# Rosie learning positions in motion



## Matt Vandart (Nov 28, 2012)

So over the welsh summer i.e 3 days of sun a couple of weeks ago Rosie learned positions out of motion:

https://www.youtube.com/watch?v=CJdJ60dVsvU


----------



## Khoi Pham (Apr 17, 2006)

Looking good there in the street, didn't get distracted much.


----------



## Bob Scott (Mar 30, 2006)

Very nice Matt!

Constructive criticism if I may. 

How often do you return to her after you give her a sit/down/stand while moving?

She anticipation is pretty strong like she's ready top break for the reward every time and moving just a bit at times.


----------



## Nicole Stark (Jul 22, 2009)

Nice to see and update on your progress with her. How is your dynamic set up with Kath? I noticed she seems to provide feedback and counsel a bit, but I didn't know if you work it out so she spots you during these sessions as well.


----------



## Meg O'Donovan (Aug 20, 2012)

Always nice to see how much your dogs like working with you.


----------



## Patty Beck (Mar 9, 2011)

Nice job. I know you are a pretty advanced trainer but I wanted to share a thought for motion exercises. I start my motion exercises moving backwards facing my dog. Starting with walking in place (so they see movement) then moving slowly backwards, then running backwards. I switch it up and start pivoting until I am back in heel position.


----------



## Matt Vandart (Nov 28, 2012)

Cool tip Patty thanks  

Khoi- thanks man

Meg- thank you also 

Nicole- Kath is awesome at spotting my **** ups

Bob- pretty much as many times as you see in this vid. In total it was 3 5 minute sessions. Rosie already knows positions by verbal cue for Ringsport so I figured she would get it by word association.

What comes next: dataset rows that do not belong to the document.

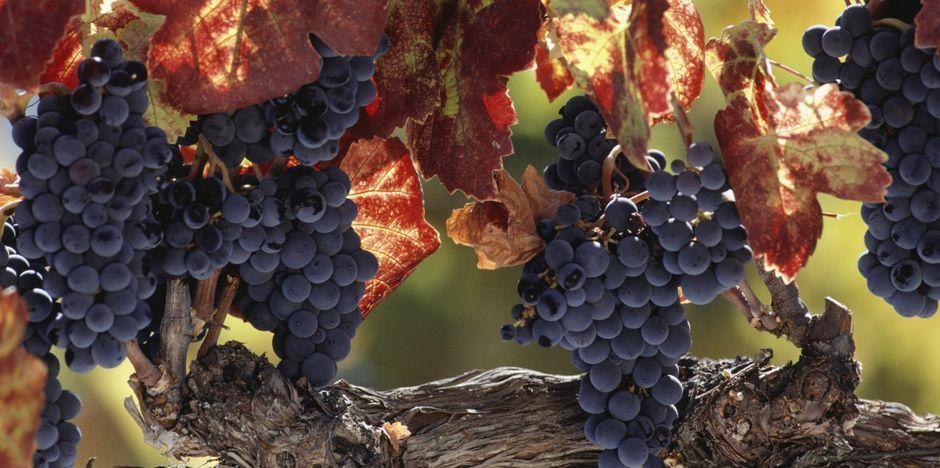 Bodegas Vinum Vitae,S.L.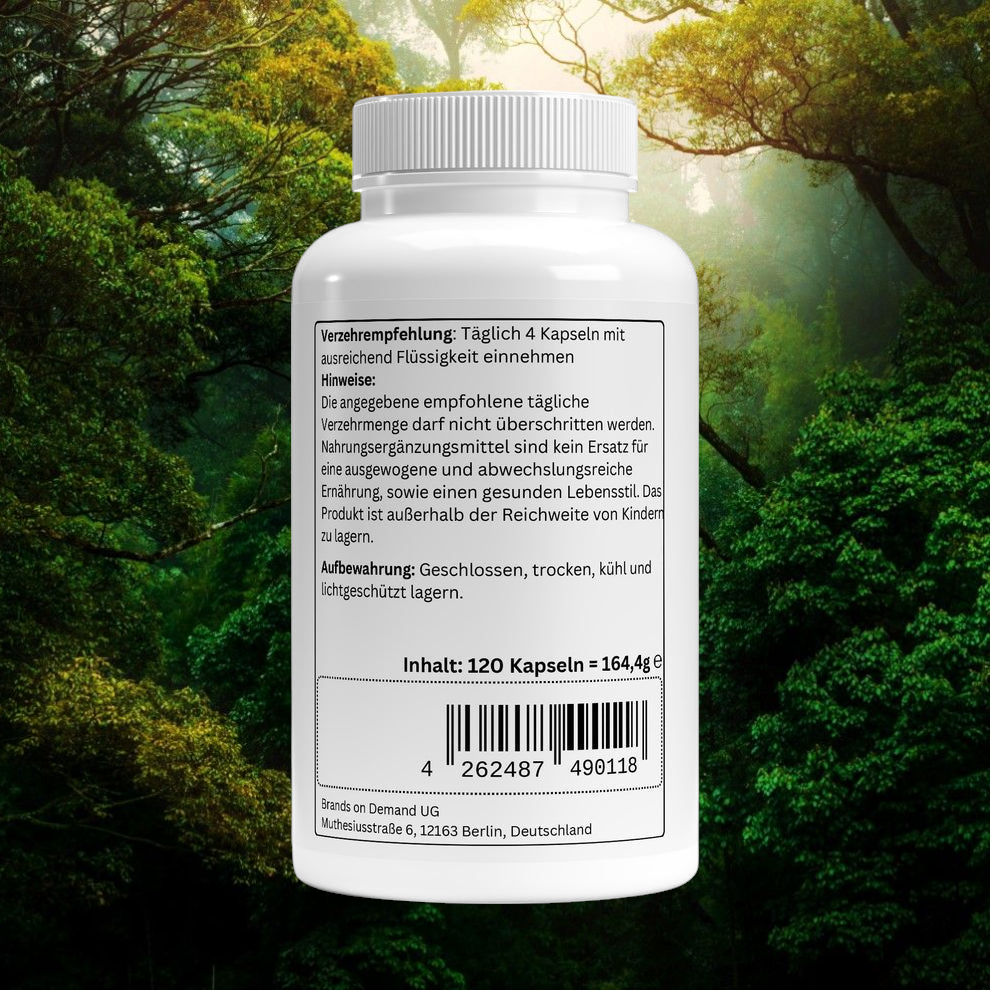 Omega 3 Kapseln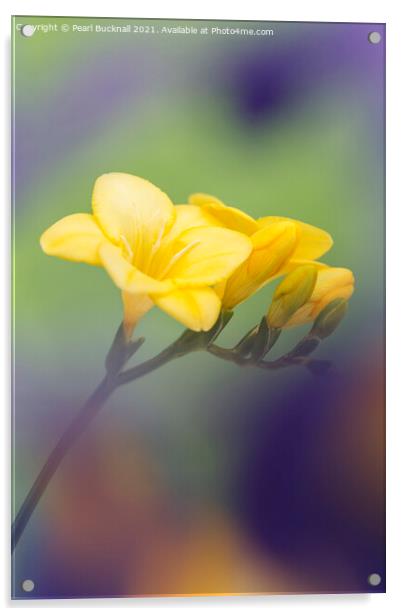 Yellow Freesia Flowers Acrylic by Pearl Bucknall
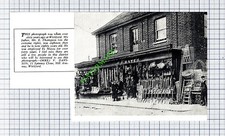 Mayes Wickford Essex  Mr E Thompson - 1969 Small Cutting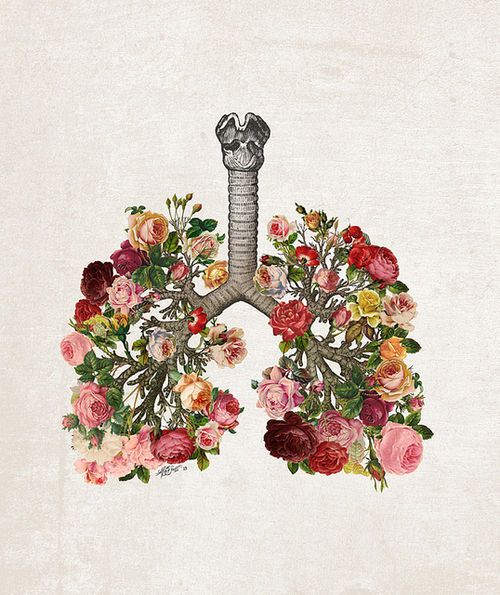 Image taken from Pinterest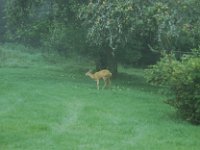 De mange rådyr var et salgsargument - og der var mange. Med årene er de svundet betydeligt ind, og ses nu kun sjældent. Mange blev videofilmet.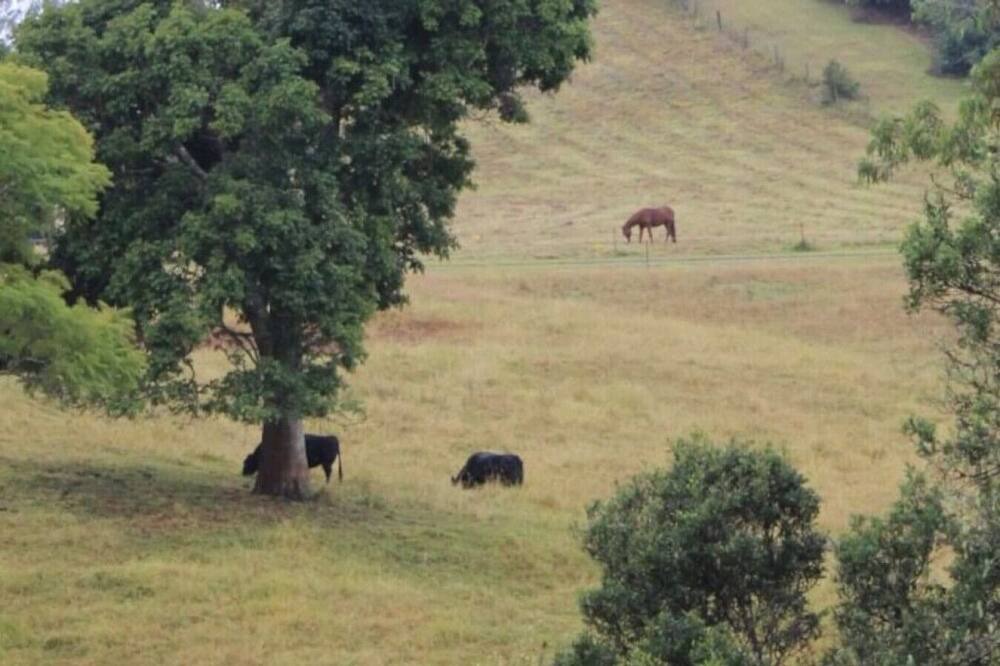 Photo of Others in Mapleton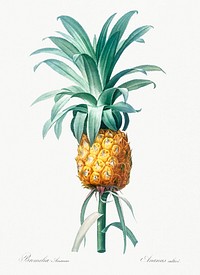Pineapple illustration from Les liliac&eacute;es (1805) by <a href="https://www.rawpixel.com/search/redoute?sort=curated&amp;page=1">Pierre-Joseph Redout&eacute;</a>. Original from New York Public Library. Digitally enhanced by rawpixel.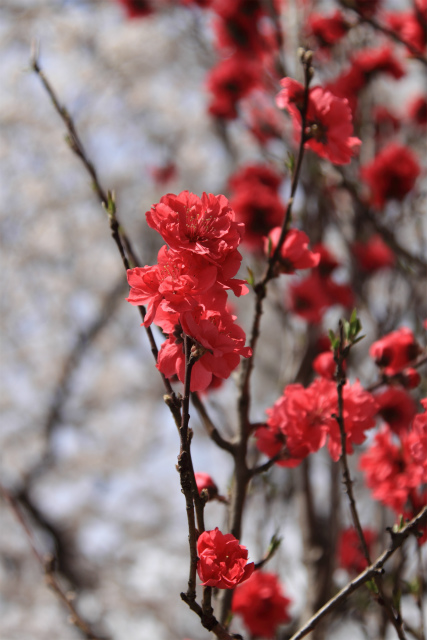 花桃も満開かな。。。_d0152261_2130224.jpg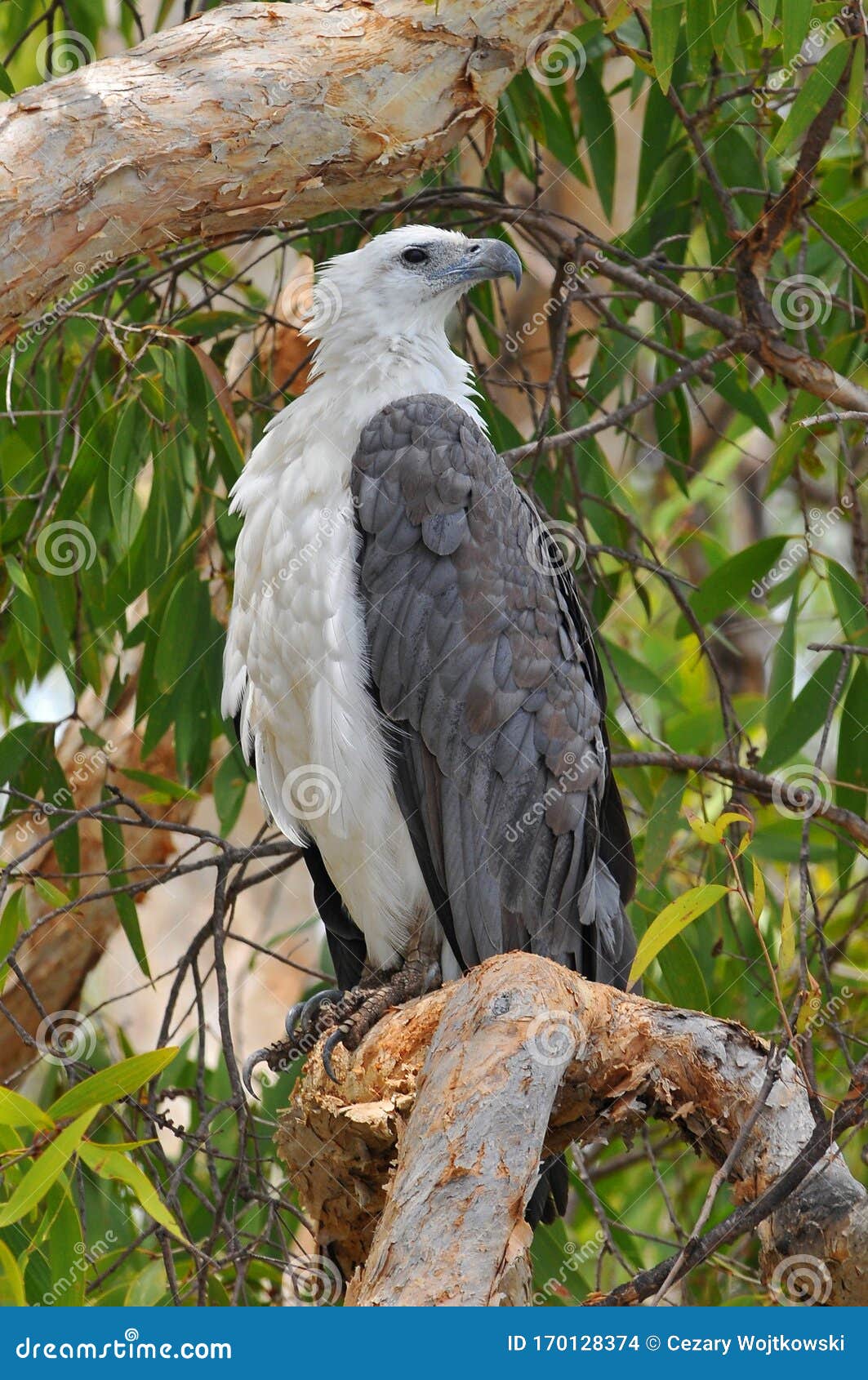 the white bellied sea eagle haliaeetus leucogaster, also known as the white breasted sea eagle, is a large diurnal bird of prey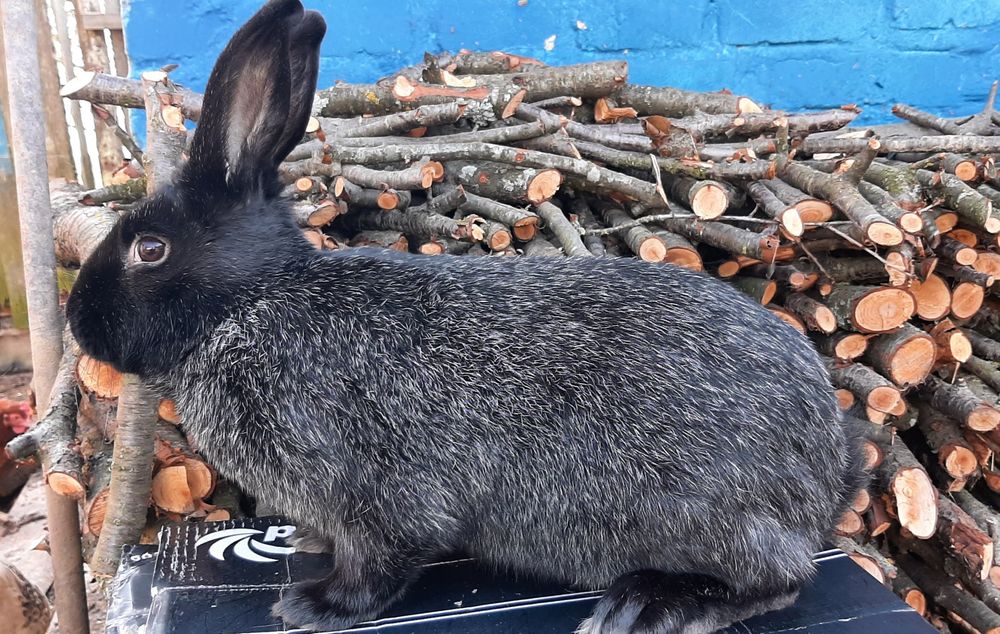 Полтавське срібло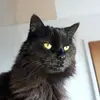 Ebonycarle - @ebonycarle - TikTok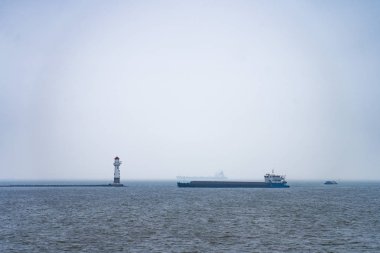 Yeşil Yapraklı Bitki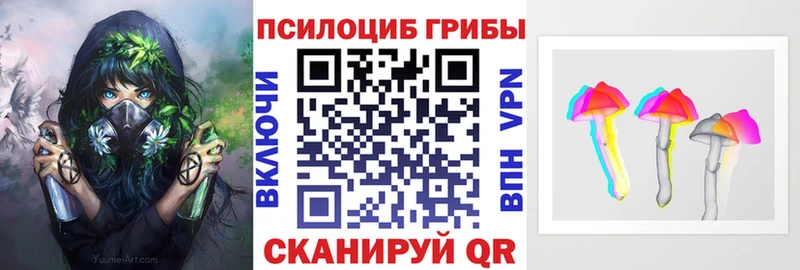 МЕГА tor  дарнет шоп  даркнет какой сайт  Галлюциногенные грибы GOLDEN TEACHER  Черноголовка 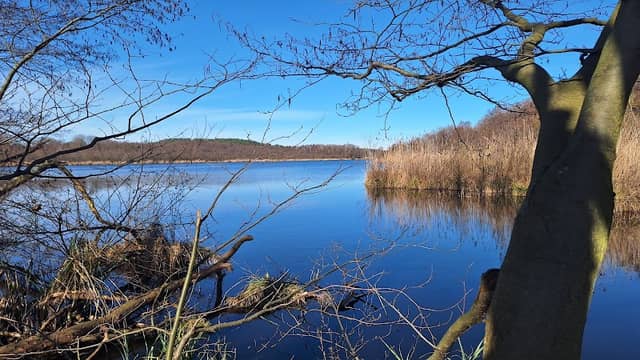Wernsdorfer See - Image 1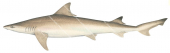 Weasel Shark,Hemigaleus microstoma,High quality illustration by R.Swainston,Animafish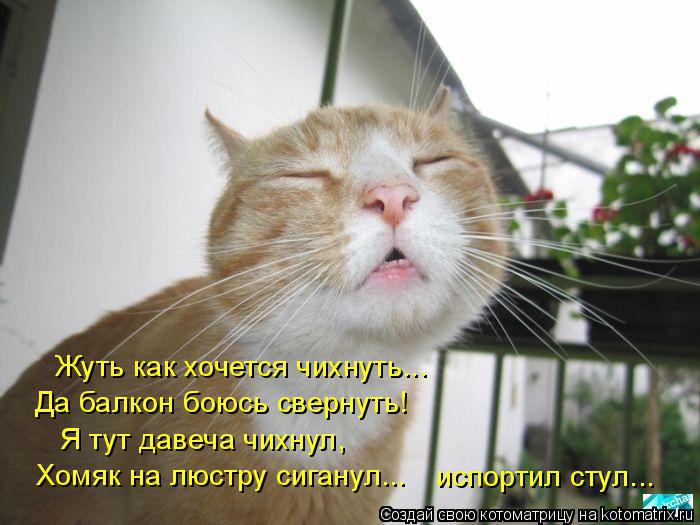Жуть как хочется чихнуть... Да балкон боюсь свернуть! Я тут давеча чихнул, Хомяк на люстру сиганул...... Котоматрица: Жуть как хочется чихнуть... Да балкон боюсь свернуть! Я тут давеча чихнул, Хомяк на люстру сиганул... испортил стул...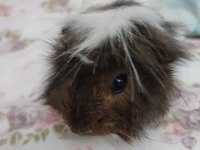 İki tatlı guinea pig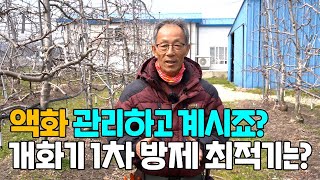 사과 재배 개화기 1차 방제 최적기는 언제일까? 액화 관리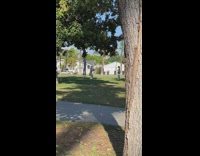 Pennywise costume and woman in stilts dances on the park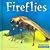 Fireflies (WORLD OF INSECTS)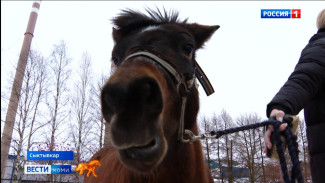 Какой он – символ наступившего года и что несёт с собой Огненная лошадь?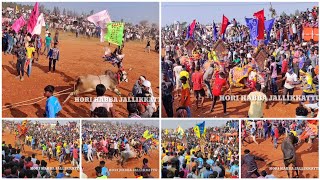 Top bulls in vanamangalam jallikattu ||Hori Habba Jallikattu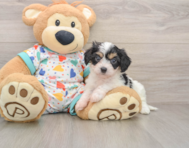 5 week old Cavachon Puppy For Sale - Florida Fur Babies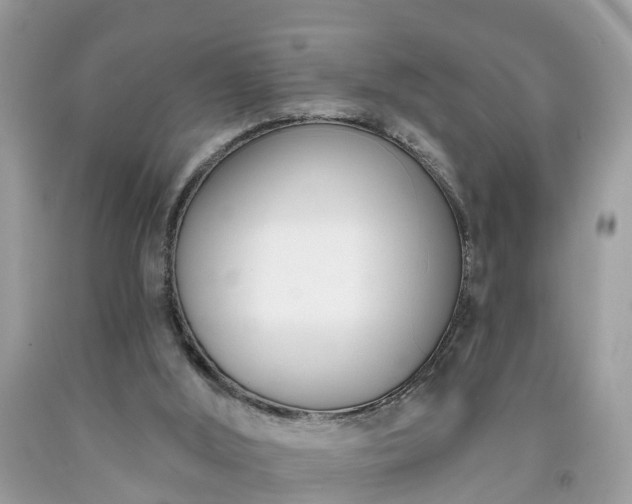 X0000091990012200709131504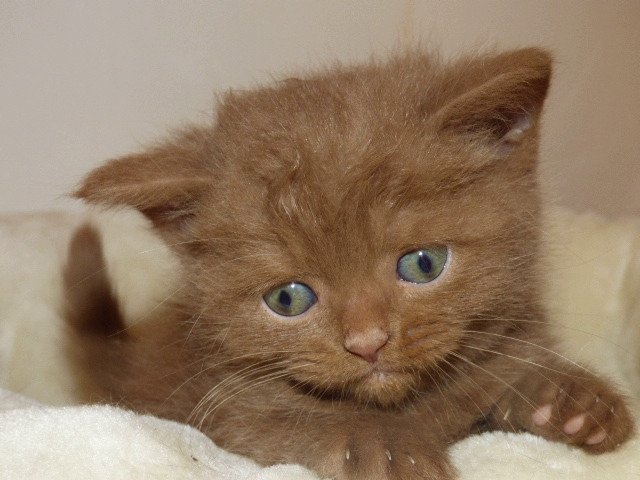 chaton British Shorthair patchouli du jardin de lizie Le jardin de lizie
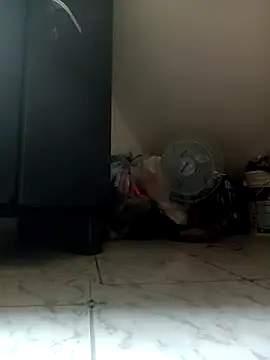 payalchola online show from 04-04-26, 01:34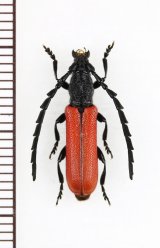 アマミクスベニカミキリ　♂　奄美大島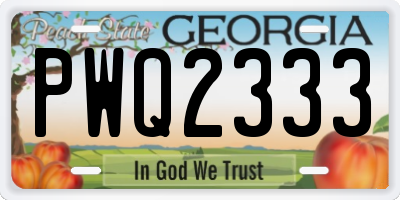 GA license plate PWQ2333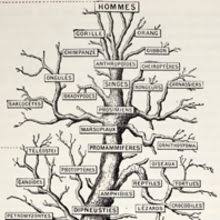 Maybe you would like to learn more about one of these? Only Two Domains Not Three Changing Views On The Tree Of Life Microbiology Society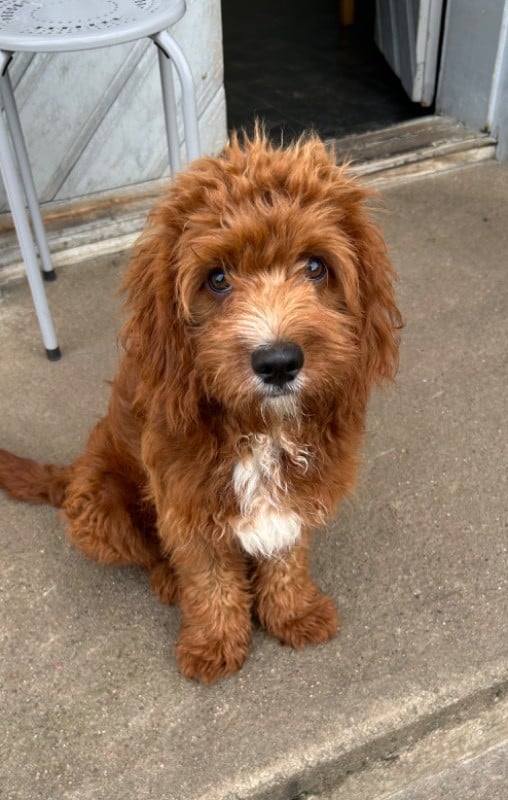 Cavapoo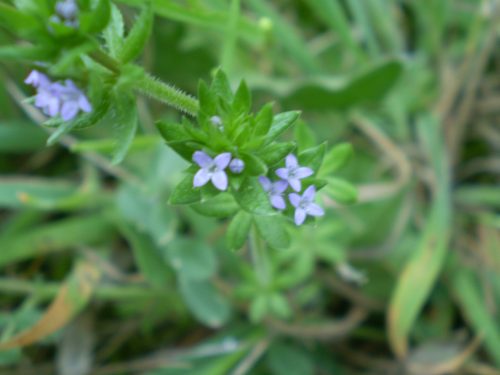 Sherardia arvensis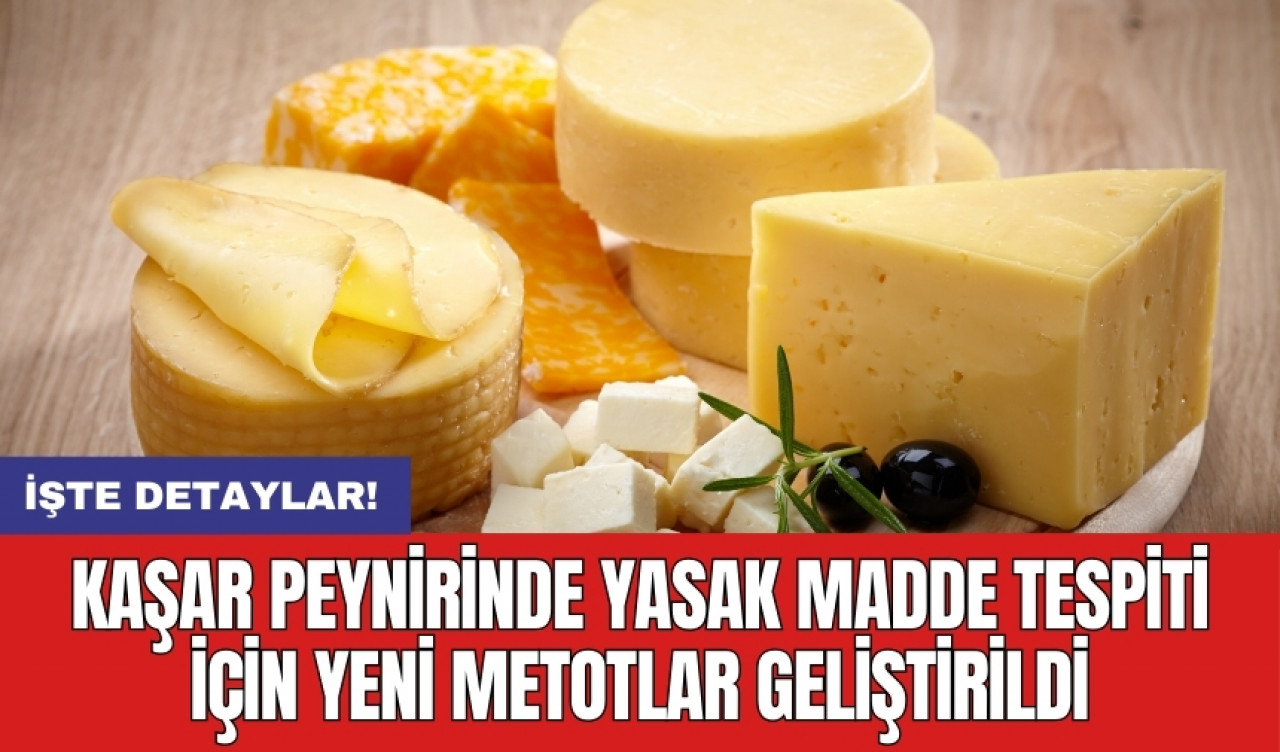 Kaşar peynirinde yasak madde tespiti için yeni metotlar geliştirildi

I'm not actually gonna go any further with this particular exercise tbh as I can see it screwing with her ring heeling maybe.


----------



## Bob Scott (Mar 30, 2006)

I view the motion exercises similar to the send out. 

I will reward the dog as many as 7 times out of ten for the down. 

The week before a trial I will reward every time during training.

With the sit/down/stand I will return to the dog aprox the same 7 out of ten and every time the week before a trial. 

"For me" that avoided and movement from the dog on those commands.


----------



## Matt Vandart (Nov 28, 2012)

I concur Bob, good advice


----------



## petguide.co (11 mo ago)

Matt Vandart said:


> So over the welsh summer i.e 3 days of sun a couple of weeks ago Rosie learned positions out of motion:


😲


----------